10/06/2025 | Press release | Archived content
Le Rwanda a réalisé des avancées remarquables depuis une vingtaine d'années. Presque tous les foyers du pays ont désormais accès à la téléphonie mobile et à l'enseignement primaire. Plus de la moitié de la population a l'électricité, et un habitant sur cinq a accès à l'eau potable et à des services d'assainissement. Les Rwandais consomment aujourd'hui trois fois plus d'électricité et leur espérance de vie s'est accrue de 20 ans.
Ces progrès ont été rendus possibles par une augmentation relativement modeste des dépenses d'investissement, d'éducation et de santé, qui sont passées de 150 à 420 dollars par personne, ce qui est même inférieur à la moyenne en Afrique subsaharienne. La différence au Rwanda tient à une plus grande efficience des dépenses publiques, qui est une solution face aux pressions budgétaires résultant de la lenteur de la croissance, de l'augmentation de la dette, du vieillissement de la population et des besoins croissants en matière de défense. Le plus important est de faire en sorte que chaque centime provenant des contribuables soit utilisé à bon escient.
Selon notre nouvelle analyse portant sur 174 pays, parue dans la dernière édition du Moniteur des finances publiques, les États pourraient, en moyenne, tirer un tiers de valeur supplémentaire de leurs dépenses en adoptant les meilleures pratiques. Grâce à une plus grande efficience de leurs dépenses et à une meilleure allocation des ressources existantes, les pays émergents et les pays en développement peuvent augmenter leur production de 11 % à long terme et les pays avancés, de 4 %. Plus qu'une simple tactique budgétaire, dépenser plus intelligemment est une stratégie de croissance.
Qu'est-ce que « dépenser plus intelligemment » implique ?
Premièrement, il faut améliorer la répartition des dépenses. Dans la plupart des pays, l'investissement public, qui peut être un facteur favorable à la croissance, a diminué de 2 points de pourcentage des dépenses totales au cours des deux dernières décennies. L'éducation est un autre domaine où les dépenses publiques sont restées modestes, représentant environ 11 % des dépenses totales.
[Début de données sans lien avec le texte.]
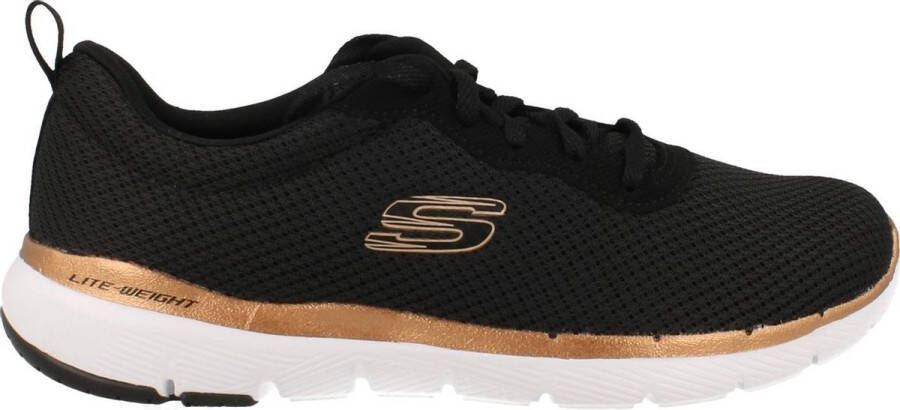 Skechers Sneakers Flex Appeal 3.0 First Insight in memory foam-uitvoering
Parallèlement, un grand nombre de pays sont confrontés à une masse salariale élevée dans le secteur public, qui représente en moyenne un quart des dépenses totales.
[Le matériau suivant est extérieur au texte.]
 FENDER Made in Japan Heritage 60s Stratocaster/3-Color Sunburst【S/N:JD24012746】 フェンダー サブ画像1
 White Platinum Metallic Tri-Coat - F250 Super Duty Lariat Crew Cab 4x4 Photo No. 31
Deuxièmement, il convient de renforcer « l'efficience technique des dépenses », c'est-à-dire le rendement maximal pouvant être obtenu avec un niveau fixe de dépenses publiques. Nous évaluons cette efficience en comparant les résultats observés aux meilleures pratiques en matière de gestion, de technologie et de dispositifs institutionnels. Le Canada, par exemple, consacre environ 2 500 dollars par personne et par an à l'éducation, soit environ 300 dollars de moins que les autres pays avancés. Pourtant, la durée moyenne de scolarité des adultes est de 13,7 ans, ce qui place le Canada au deuxième rang mondial, derrière l'Allemagne.
Des gains économiques importants
Dépenser les deniers publics de manière intelligente peut considérablement stimuler la croissance à long terme, tant dans les pays avancés que dans les pays en développement.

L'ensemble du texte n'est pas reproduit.